Modernisation was the key word for Westfield in what might fittingly be described as the ‘modern era’. Beset by financial worries, the Westfield Council had been forced to register as a Housing Association in December 1975 in a bid to gain eligibility for modernisation grants. The subsequent Government funding paid for 14 houses to be modernised at a cost of £112,000, however, this work only scratched the surface.
With the accounts in a desperate state, the new 1980 Rent Act, which included a ‘right-to-buy’ clause, appeared to provide a timely solution to the troubled Westfield committee. Although charitable housing associations were under no obligation to sell freeholds, it was decided that the partial sale of empty housing stock on the village was sensible: it would bring in much-needed funds, stop certain properties from falling into disrepair, and reduce the village housing to a level that could be maintained, managed and successfully tenanted. Twenty two houses were subsequently sold to sitting tenants, but no stipulation could be made that they later be sold-on to ex-service people. The risk was that there was now a genuine long-term potential for the village’s ex-service ethos and identity to be fractured.

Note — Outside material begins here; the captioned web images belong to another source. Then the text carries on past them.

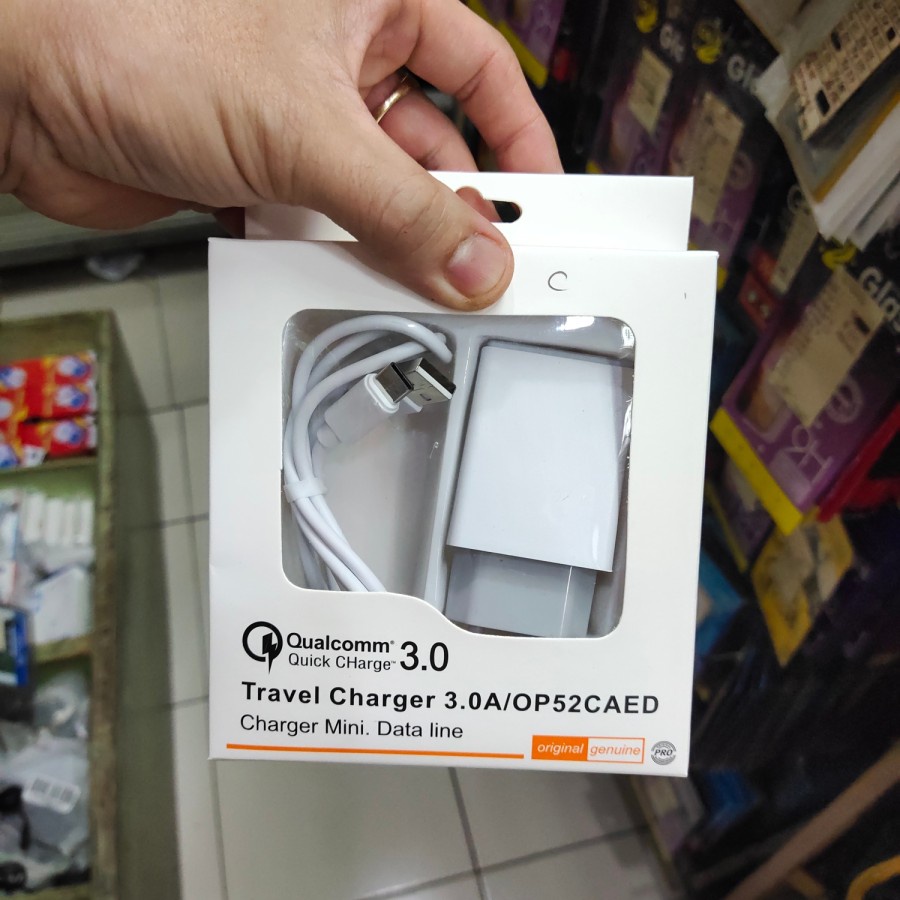 CHARGER 1 USB UNIVERSAL + KABEL TYPE C ( LEBAR ) QUALCOMM 3.0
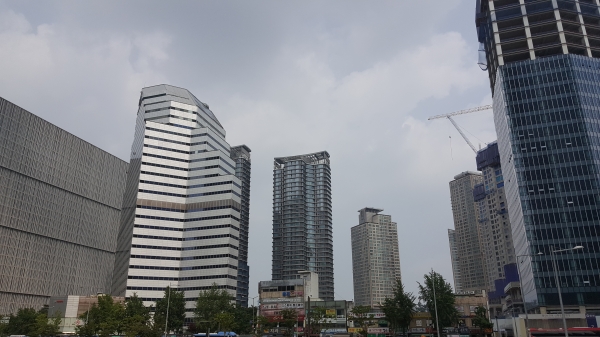 월요일인 오늘(24일)은 전국 대부분 지역에 구름이 많고 흐리겠다. 사진=서울와이어 DB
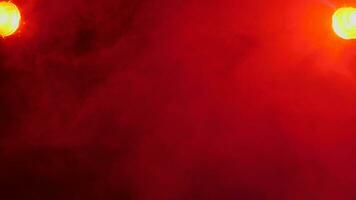 spridning abstrakt rök moln över röd lampor på en svart bakgrund video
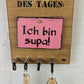 Geschliffen und geölte 3cm dicke Eichenbohle mit Naturkante.
Dazu gibt es drei Tafeln mit 6 Stimmungen, die dich durch den Tag bringen.

Wie es geht:
Der Klinkenstecker kommt einfach an den Ring des Schlüssels. Mit einem „click“ steckt er im Board und kann so beim Gehen auch wieder herausgezogen werden.
So einfach kann Ordnung sein!

Und weil es Spaß macht, macht ihr es auch (ja, auch die Person, von der ihr gerade denkt: „Never, der nicht!“).

Nie wieder den Schlüssel suchen.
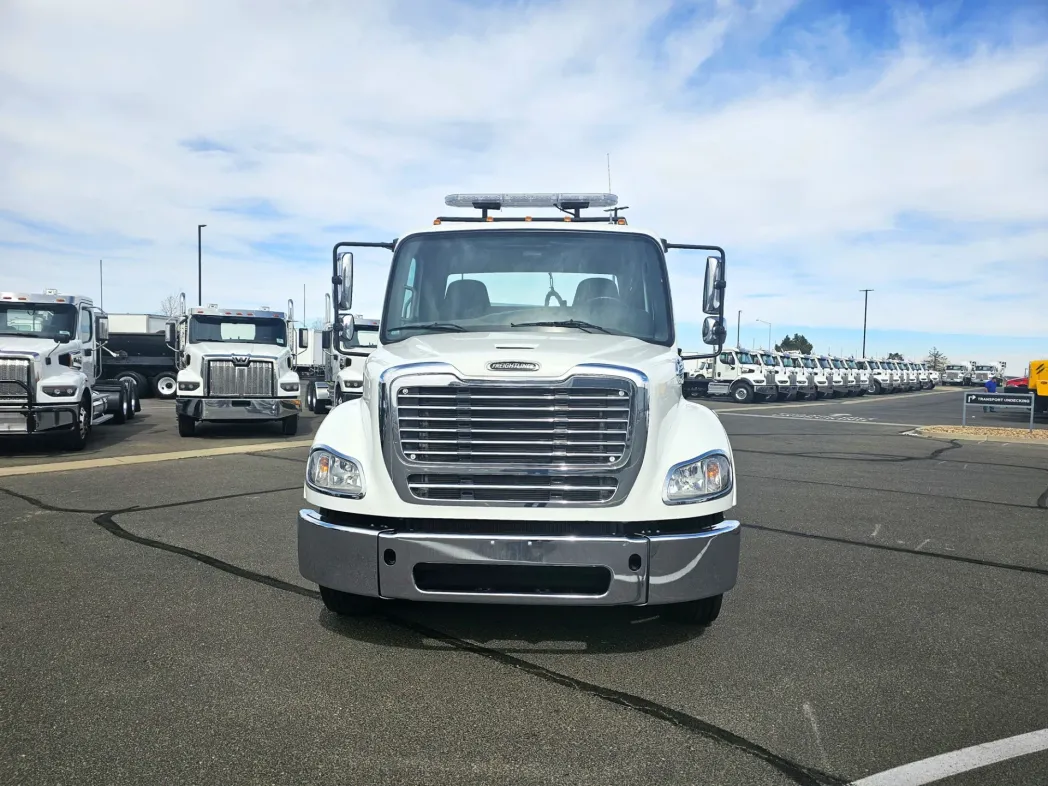 2023 Freightliner M2 112 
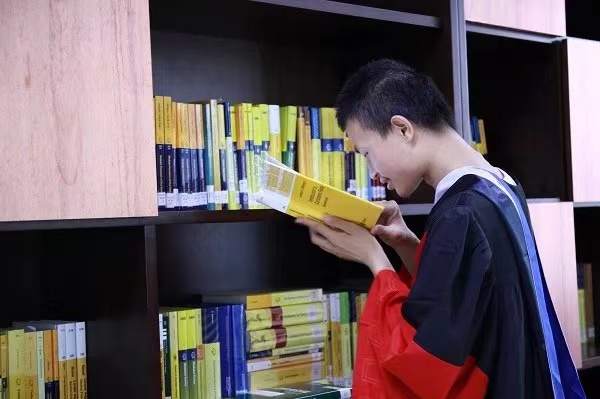 你说天资平常的普通孩子，就无法进入清华北大吗？韦神启示录之三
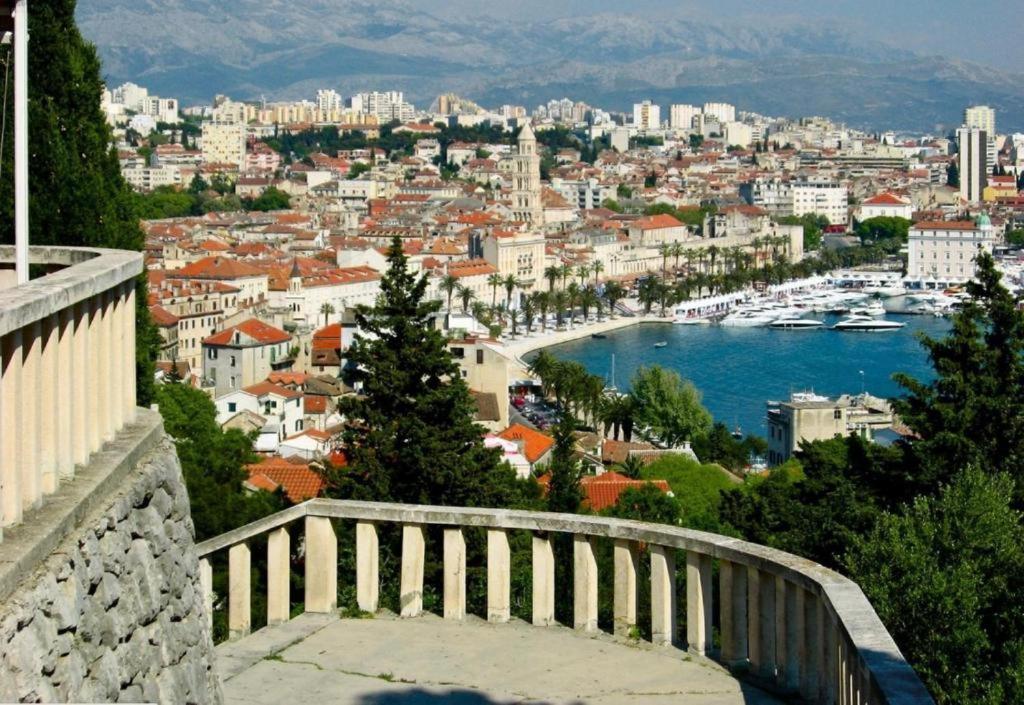 Apartment Dalmatinos Split Znjan Εξωτερικό φωτογραφία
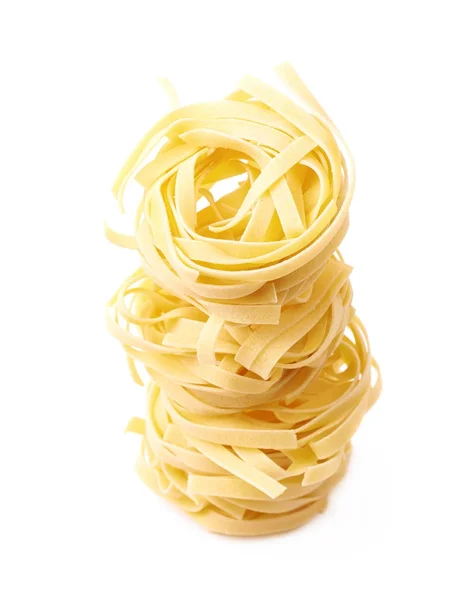 Ongekookt fettuccine pasta geïsoleerd — Stockfoto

The whole issue had been fraught and there were times that the committee genuinely feared that the village might have to be sold off altogether.The decision was taken to reduce day-to-day administrative and maintenances duties and costs by handing over the practical management of the remaining Westfield properties to a larger, professionally-run organisation.
The charity would, however, retain an on-site employee to look after the welfare of its tenants and ensure that their needs as ex-service people were being met. It would also retain the right to uphold the existing requirements of tenancy, ensuring that only ex-service people would be accepted on the village properties that were not now privately owned. It was ultimately decided to enter into partnership with an organisation that was already well-established in the Lancaster area, the Northern Counties Housing Association (NCHA).